Sunday 18 November 2012

Just Getting There

I remember when flying was fun, a big adventure to dress up for. Now it's an ordeal I have to armour myself against. I keep switching airlines hoping to find the magical company that actually likes their passengers. When I first started to fly to Paris, it seemed only natural that I go with Air France. The coffee was wonderful and when the plane landed, the music of Under Paris Skies flooded the cabin. And if the flight attendants were a bit snooty? Well they acclimatized me for my destination.
But I found my fellow flyers horribly horribly noisy. I always seemed to be the lone passenger in amongst a bevy of tour groups that partied their way across the Atlantic, grabbing on my seat and screaming across the aisle.
Forget about trying to sleep on the plane. Charter outfits were worse with limited legroom for even my 5 foot frame.
Then I discovered British Airways. And if I had to fly via Heathrow, so what? It gave me time to shop at Harrods and load up on jelly babies and Thornton's chocolates. But with the building of Terminal 5, that little hour layover became 4 or 5 and when I got into Paris, I was truly wiped and so was the rest of my day.
I flew KLM because it suddenly had the best deal going. I could still fly direct to Paris only then I was pushed back on their sister company, Air France, who were now minus the great coffee and the music but more overwhelmed with rowdies whose verbosity made my ears bleed.

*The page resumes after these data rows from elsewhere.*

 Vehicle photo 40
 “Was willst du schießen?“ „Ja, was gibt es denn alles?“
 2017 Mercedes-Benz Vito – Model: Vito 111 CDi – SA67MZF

Flying via Amsterdam meant I could pop into the duty free for my favourite dutch licorice so it was a done deal.
Only when I tried to get a boarding pass, the machine spat out a slip telling me to go to passenger assistance. Where I had to wait and wait and wait. The check-in clerk was friendly enough, explaining they'd like my seat as the flight to Amsterdam was overbooked and suggesting I fly Air France direct. She was apologetic enough when I explained I didn't like Air France. For some reason, her supervisor kept skirting around us, holding up his hand to her entreaties. When he sneeringly told me I would have to wait an extra 55 minutes with no upgrade (and at that point, probably a middle seat), I firmly turned him down. Hey, it's why I don't fly Air France.
But KLM turned out to be little better. We flew an older plane where the top of my armrest came off in my hand. Our hors d'oeuvre size meal arrived with a label insisting "delicious meal"--neither word having anything to do with the contents of the tray. You could count the pieces of pasta adorned with dried up breaded mystery meat along with some sort of creamed carrots with capers and a spongy brown square with an undertaste of fuel. The boxed breakfast came with a similar label and coffee, complete with powdered creamer. Really? In this age of technological wonders, why are economy passengers given food reminiscent of my childhood flights, while at the same time tortured with Holland Herald images of what the better classes are eating in Business?
I could only see it as inspiration for this blog and an immediate written complaint.
"KLM should be ashamed at what they try to pass off as food in economy. A passenger should not have to fly business class in order to get something edible. (I took pictures of my "Delicious meal" to post on my travel blog. You can tell your marketing people that just because you label something 'delicious' does not make it so.)
And the breakfast in a box was the equivalent of something I'd pick up in a gas station.
Whatever happened to Dutch hospitality?"